We’re also tackling trickier scenarios, where the decays are “compressed” - meaning the parent particle and it’s child are similar in mass, leaving little phase space to produce high-momentum objects. Along with my student and collaborator, I submitted to journal a paper describing a technique we’ve been employing in the ATLAS collaboration, and how it can be used, to good effect, in our new physics searches. Inventing a method and employing it within an experiment is thrilling. It takes work, as it should, to convince collaborators to try new things, but is incredibly gratifying and fulfilling to see your ideas being used.
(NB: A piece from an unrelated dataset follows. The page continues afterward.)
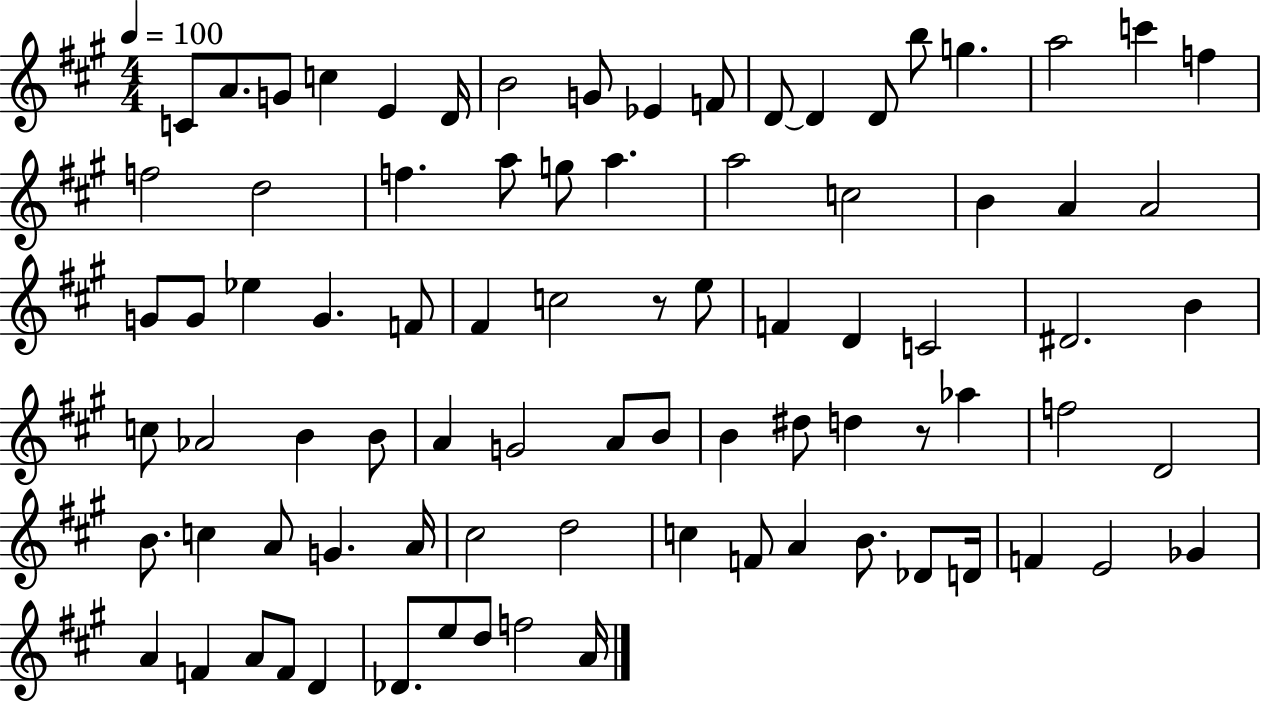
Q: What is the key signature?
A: A major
I’m scribing this piece while attending a workshop in Melbourne ‘Connecting Astrophysical Dark Matter with Direct Detection’, to be followed by a one-day CYGNUS proto-collaboration meeting. The workshop is focused on the synergy between astrophysical studies and direct detection of dark matter, with a special emphasis on what future directional dark matter detectors can offer. Our aim is to build better connections between the astrophysics and experimental particle physics communities, united in the quest to identify and characterize dark matter. It’s exciting stuff! We’re building experiments in Southern Australia at the Stawell Underground Physics Laboratory, where there is a strong push to situate a first Australian dark matter experiment (named SABRE-south) in the very near future. SABRE will have partner experiments situated at Gran Sasso, Italy and Stawell to test for the putative, and controversial, signal for dark matter from the DAMA/LIBRA experiment. With an annual modulation having been observed there is the question of seasonal variation being an important thing to pin down. So, just maybe, we can use the winter vs summer ‘confusion’ to our advantage and by sharing our seasons we can hone in on the nature of dark matter - one of the biggest mysteries in particle physics.